Algorithms such as CART (Classification and Regression Trees) grow the model top-down. At each step they consider many candidate questions — for example “is age ≤ 35?” or “is color = blue?” — and pick the one that best separates the training labels into purer child groups.
Training is greedy: it chooses the best split now, without lookahead to future levels. That makes training fast, but it also means the tree is not guaranteed to be globally optimal — depth limits, leaf-size rules, and ensembles exist partly to tame that greed.
Stopping rules matter: maximum depth, minimum samples per leaf, minimum impurity decrease, or maximum number of leaves. Without them, a tree can keep splitting until every leaf holds a single training row — perfect training accuracy, poor generalization.
For classification, a node is pure if every example shares the same label. Common impurity scores are Gini and entropy. Both are highest when classes are evenly split at a node, and zero when only one class remains.
For a binary node with positive class proportion p, Gini is 2p(1−p) and entropy is −p log₂ p − (1−p) log₂ (1−p) (with the convention 0 log 0 = 0). Libraries average child impurities weighted by sample counts to score a candidate split.
Curves use the textbook formulas; vertical scale is illustrative.
Imagine eight loan applications: five will default (D) and three will not (N). The root is messy. A rule “income ≤ 40k?” sends five rows to the left leaf — four D and one N — and three rows to the right leaf — one D and two N. Neither leaf is perfect, but both are less mixed than the parent; the algorithm would compare this gain against other candidate questions.
| Region | Default (D) | Not default (N) |
|---|---|---|
| Before split (root) | 5 | 3 |
| Left: income ≤ 40k | 4 | 1 |
| Right: income > 40k | 1 | 2 |
In practice you never hand-count this for real data — DecisionTreeClassifier in scikit-learn does it for every feature threshold the implementation considers.

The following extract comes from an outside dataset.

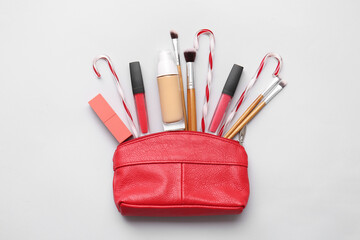 Christmas composition with cosmetics on light background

from sklearn.tree import DecisionTreeClassifier
# X_train: numeric encoding of Sky, Wind columns; y_train: Play label
clf = DecisionTreeClassifier(
max_depth=4,
min_samples_leaf=20,
random_state=42,
)
clf.fit(X_train, y_train)
A single tree can change a lot if you perturb the training sample — that is high variance. Its decision boundaries are axis-aligned (boxes and stair-steps in feature space), which matches spreadsheet-style data well but approximates diagonal boundaries only by stacking many small steps.

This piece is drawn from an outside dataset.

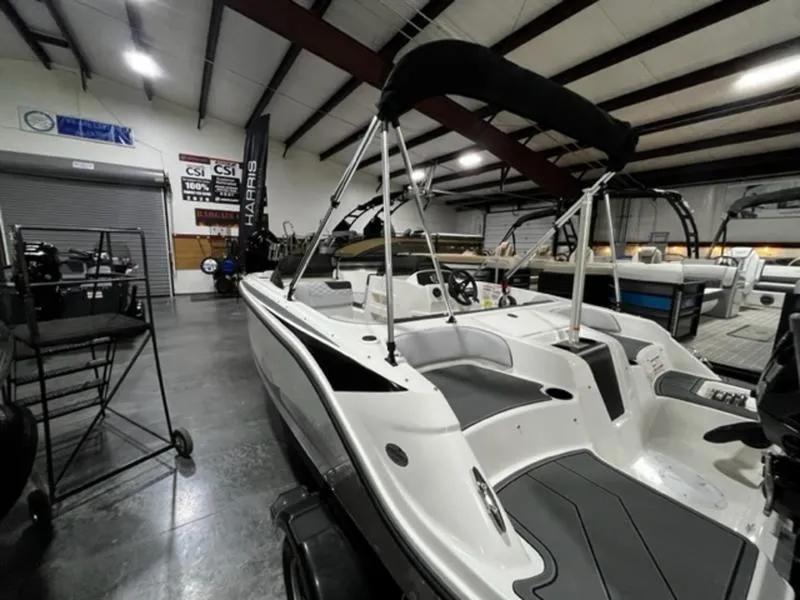Slide: The Image of 2024 Bayliner Element M17 boat in showroom with canopy. - 6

Pruning (cost-complexity pruning in CART) removes splits that do not pay for themselves on a validation metric. Hyperparameters like max_depth and min_samples_leaf are often easier to tune first than full pruning schedules.
Random forests train many deep trees on bootstrap samples of the data and, at each split, consider only a random subset of features. Averaging (voting) predictions reduces variance while keeping non-linear boundaries.
Gradient boosting builds trees sequentially: each new tree targets the mistakes (residuals) of the ensemble so far. Shallow trees plus many rounds often beat a single giant tree on accuracy — at the cost of more tuning and a less transparent model unless you add explainability tools.
Takeaway: interpretability lives at the single-tree level; competitive accuracy on tabular data often lives at the forest / boosted level.
This matches the entropy-optimal model above: one question, two leaves. No = calm wind → play outside; Yes = strong wind → stay inside.
One decision — same rule the entropy table selected at the root.
Is the wind strong?
Supervised trees trade some raw accuracy for clarity — and ensembles trade some clarity back for state-of-the-art accuracy on tabular data.
Understand the single tree first; the forest is just teamwork.